Among the entries below, which lines run from the line with "Renesans Synthetic Brush, Dagger" through the line with "Cofre Topas Pro"? Retype those, both ends included, exactly and without pictures.

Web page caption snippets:
########################################

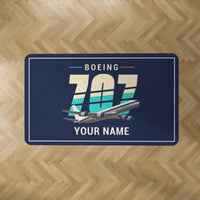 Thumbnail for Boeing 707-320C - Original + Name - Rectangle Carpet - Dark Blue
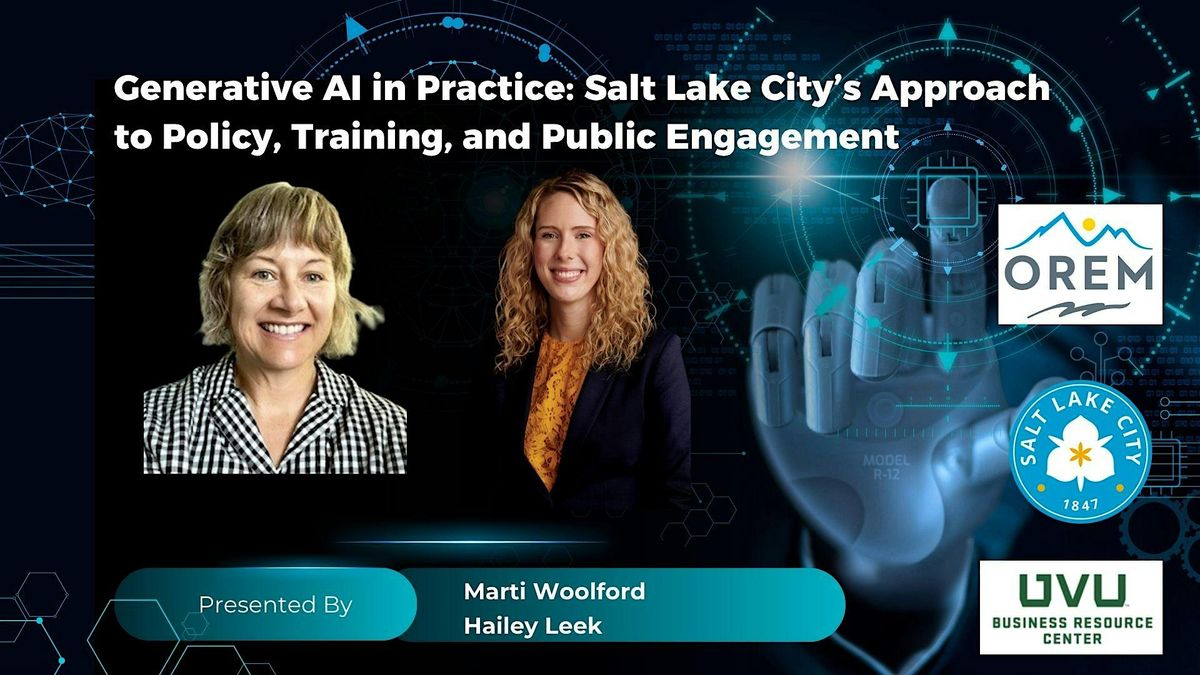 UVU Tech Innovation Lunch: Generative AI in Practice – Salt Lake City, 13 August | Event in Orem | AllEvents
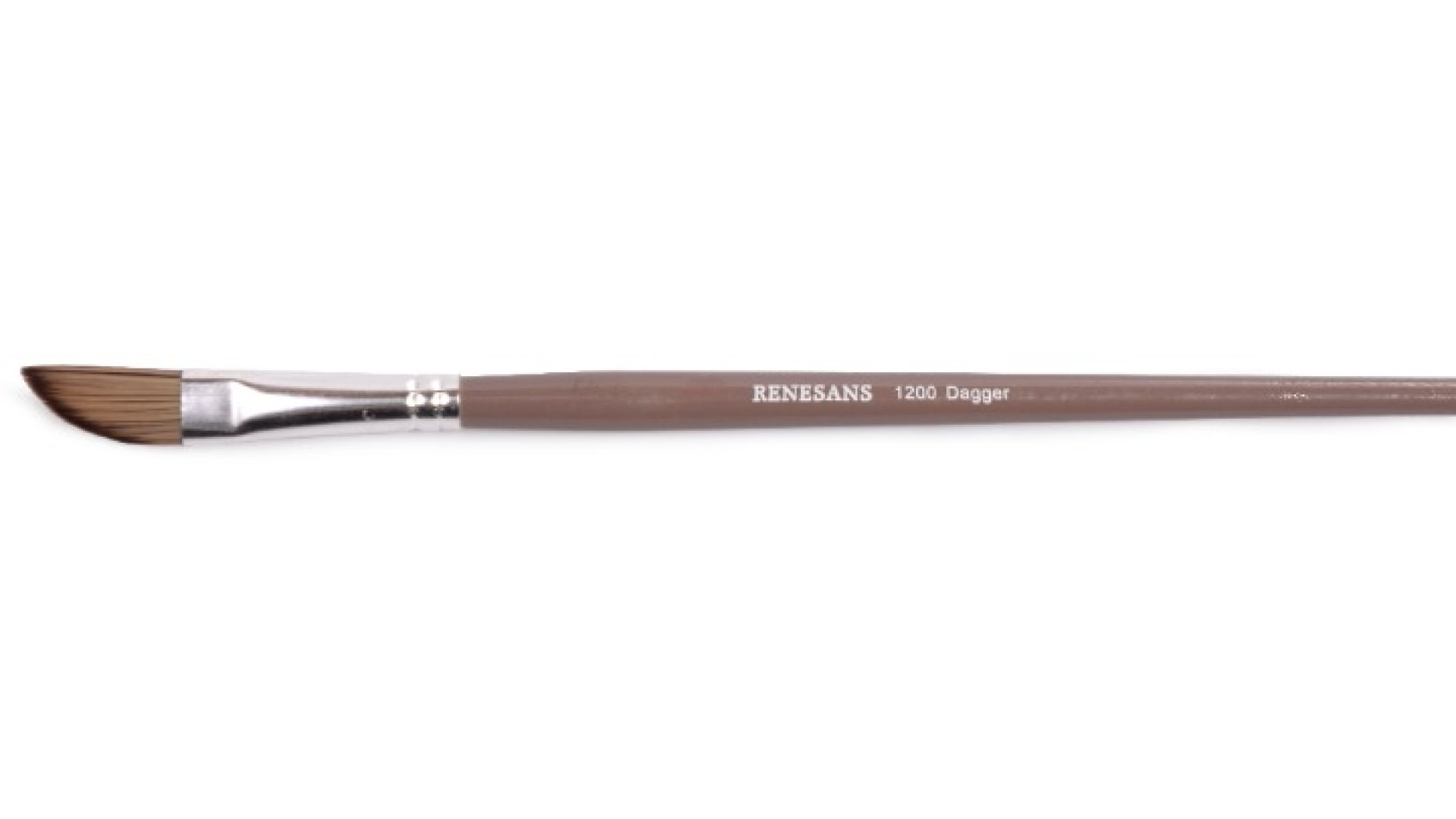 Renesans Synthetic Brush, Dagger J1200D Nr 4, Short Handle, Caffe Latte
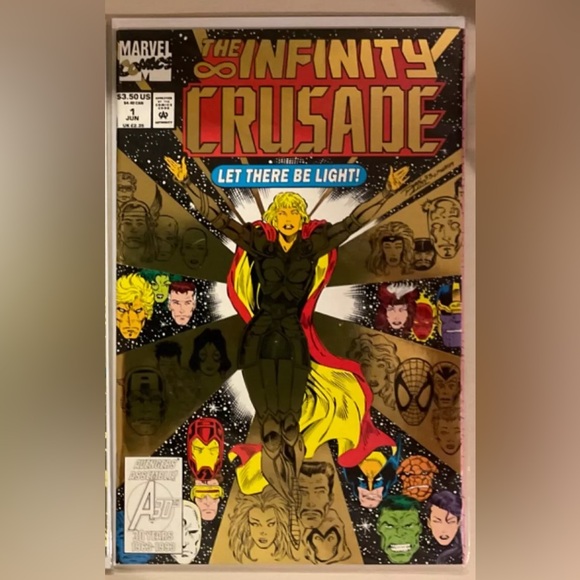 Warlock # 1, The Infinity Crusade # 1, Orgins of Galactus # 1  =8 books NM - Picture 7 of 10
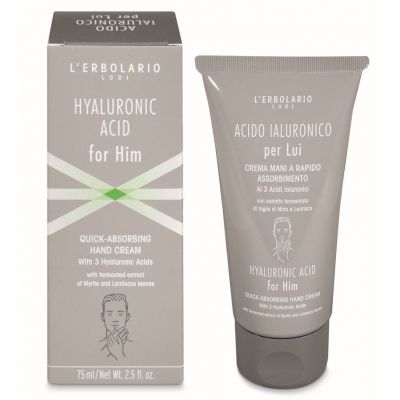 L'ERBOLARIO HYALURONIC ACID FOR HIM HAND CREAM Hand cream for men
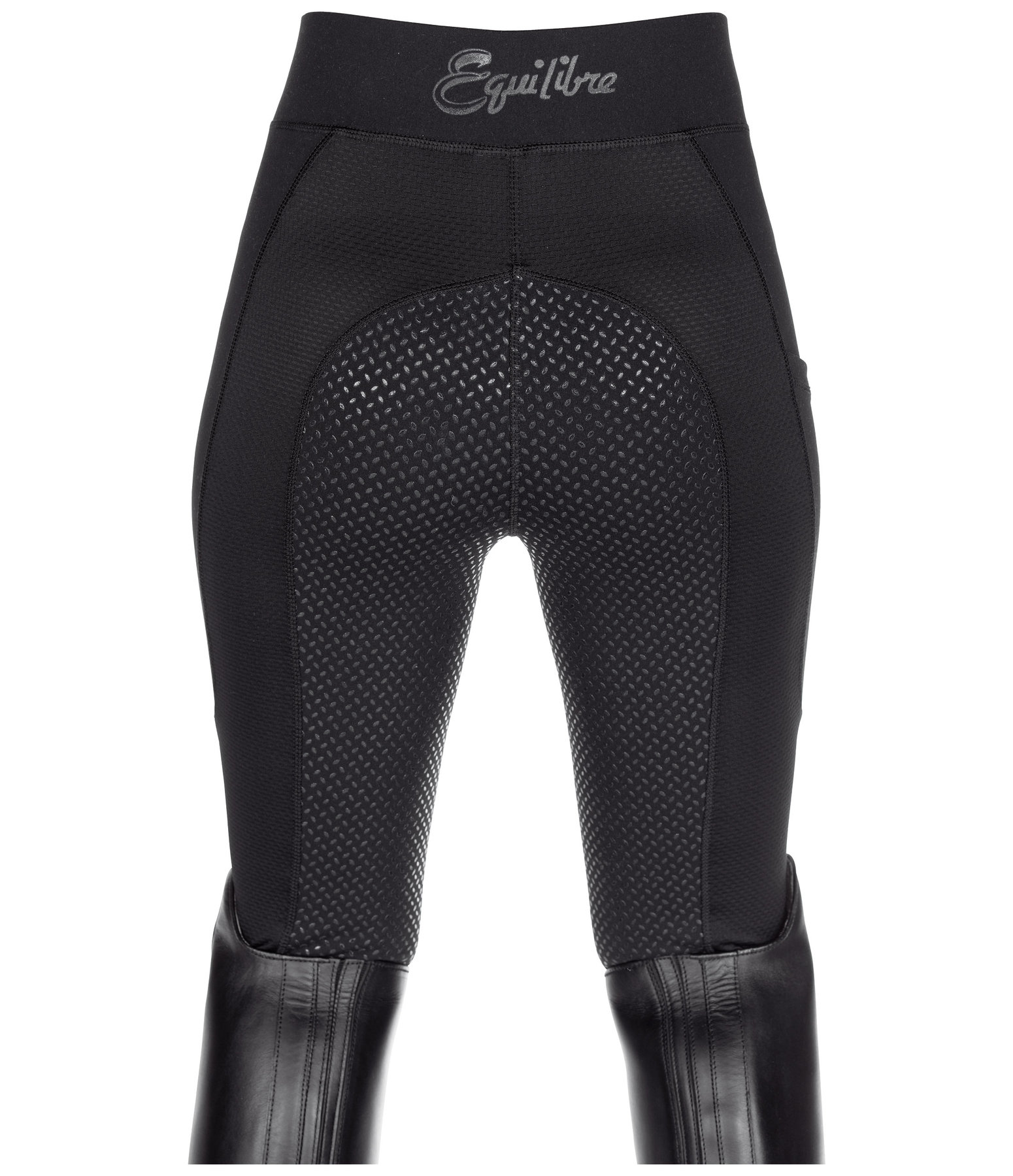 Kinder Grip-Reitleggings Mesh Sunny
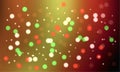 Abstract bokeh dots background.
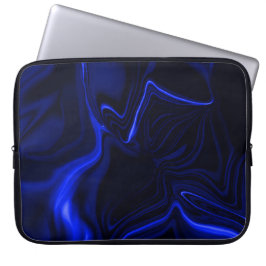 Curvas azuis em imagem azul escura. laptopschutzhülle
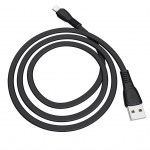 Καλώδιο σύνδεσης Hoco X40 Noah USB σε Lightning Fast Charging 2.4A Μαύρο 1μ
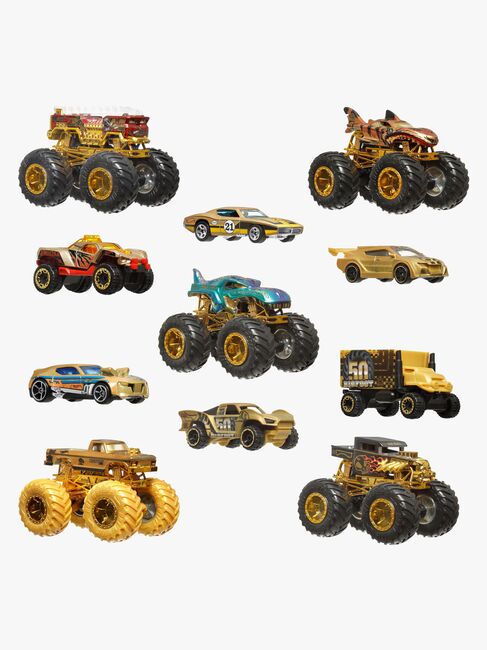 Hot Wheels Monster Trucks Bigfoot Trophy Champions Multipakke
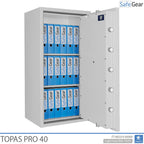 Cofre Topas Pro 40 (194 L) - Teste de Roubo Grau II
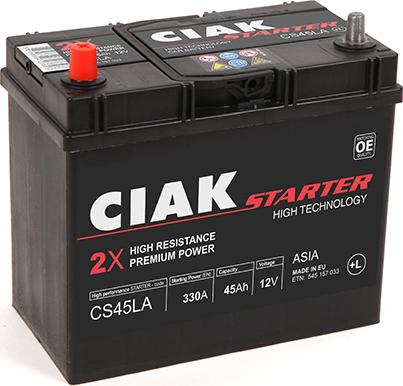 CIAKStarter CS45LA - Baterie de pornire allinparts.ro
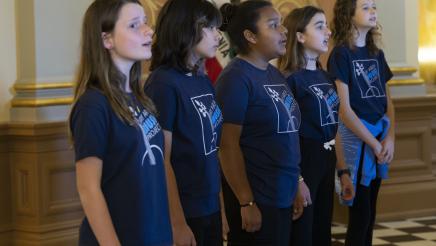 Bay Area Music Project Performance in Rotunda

########################################

■ **WRITTEN SOLUTION**:
 Renesans Synthetic Brush, Dagger J1200D Nr 4, Short Handle, Caffe Latte
 Warlock # 1, The Infinity Crusade # 1, Orgins of Galactus # 1  =8 books NM - Picture 7 of 10
 L'ERBOLARIO HYALURONIC ACID FOR HIM HAND CREAM Hand cream for men
 Kinder Grip-Reitleggings Mesh Sunny
 Abstract bokeh dots background.
 Curvas azuis em imagem azul escura. laptopschutzhülle
 Καλώδιο σύνδεσης Hoco X40 Noah USB σε Lightning Fast Charging 2.4A Μαύρο 1μ
 Hot Wheels Monster Trucks Bigfoot Trophy Champions Multipakke
 Cofre Topas Pro 40 (194 L) - Teste de Roubo Grau II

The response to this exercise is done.